Przy okazji podpisania nowego kontraktu z organizatorami wyścigu o Grand Prix Hiszpanii obecny dzisiaj w Barcelonie Bernie Ecclestone wziął udział w krótkiej konferencji prasowej, podczas której wypowiedział się między innymi na temat ewentualnych zmian w sposobie przeprowadzania kwalifikacji. Brytyjczyk chciałby, aby nastąpił powrót do jednogodzinnej sesji z możliwością zmiany ilości paliwa w baku po jej zakończeniu, ale podzielonej na dwie części. W każdej z nich kierowcy mieliby do przejechania po minimum sześć okrążeń, co zagwarantowałoby dużą aktywność w trakcie całej godziny i tym samym zostałby wyeliminowany problem, który doprowadził do zmiany przepisów po 2002 roku.

Najlepsze czasy byłyby sumowane z obydwu połówek i na tej podstawie wyznaczana byłaby ostateczna kolejność startowa. W przypadku gdy jakiś kierowca nie ukończyłby wymaganej liczby okrążeń w pierwszej połowie, to z drugiej zostałby wzięty pod uwagę najsłabszy czas, natomiast nie przejechanie sześciu okrążeń w drugiej połowie byłoby jednoznaczne ze startem z końca stawki. Jest to dosyć interesująca propozycja, jednak musi ją zaaprobować zarówno FIA, jak i wszystkie zespoły. Tak czy inaczej wszystkie strony (może poza wyjątkiem najsłabszych zespołów, które mają obecnie gwarantowany "czas antenowy") są zainteresowane zmianą obecnych przepisów w połowie sezonu.

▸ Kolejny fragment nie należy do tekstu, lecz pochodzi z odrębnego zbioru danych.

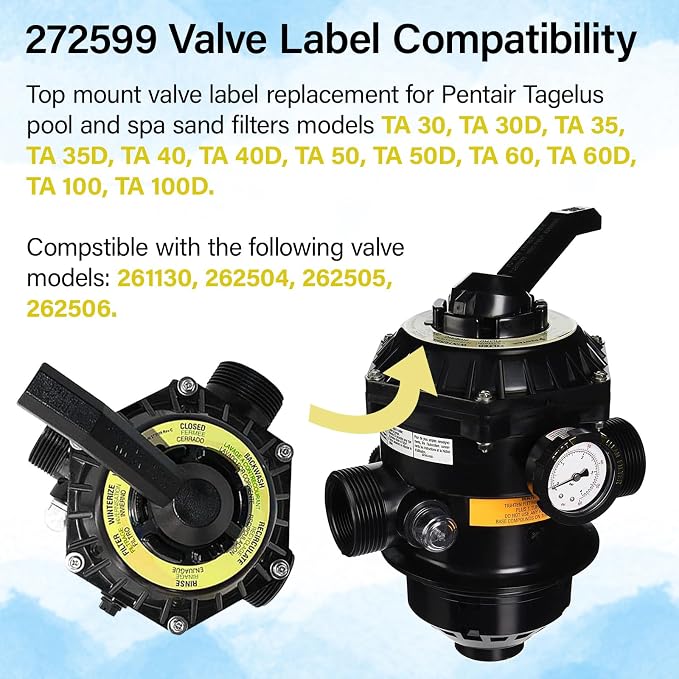 272599 Sand Filter Valve Label for Pentair Tagelus Top Mount Valve Label - Image 4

Ecclestone został także zapytany o to, czy możliwe byłoby zastąpienie porozumienia Concorde Agreement podpisywanymi oddzielnie umowami z poszczególnymi zespołami, na co odpowiedział, że jeśli chcą tego zespoły, to nie ma nic przeciwko temu. Podobnie myśli również prezydent FIA - Max Mosley i możliwość taka jest obecnie rozważana. Pojawiły się nawet spekulacje, że zespół Ferrari zawarł już taką umowę, ale nikt tego na razie nie potwierdza. Jutro ma się odbyć spotkanie koncernów wchodzących w skład organizacji GPWC i temat pojedynczych umów będzie tam prawdopodobnie omówiony. Właśnie od dogadania się z administracją Formuły Jeden, którą kieruje Ecclestone, uzależnione jest wprowadzenie zaproponowanych ostatnio przez FIA zmian jeszcze w 2006 roku. Wiązałoby się to najprawdopodobniej z przedterminowym rozwiązaniem obecnego porozumienia Concorde.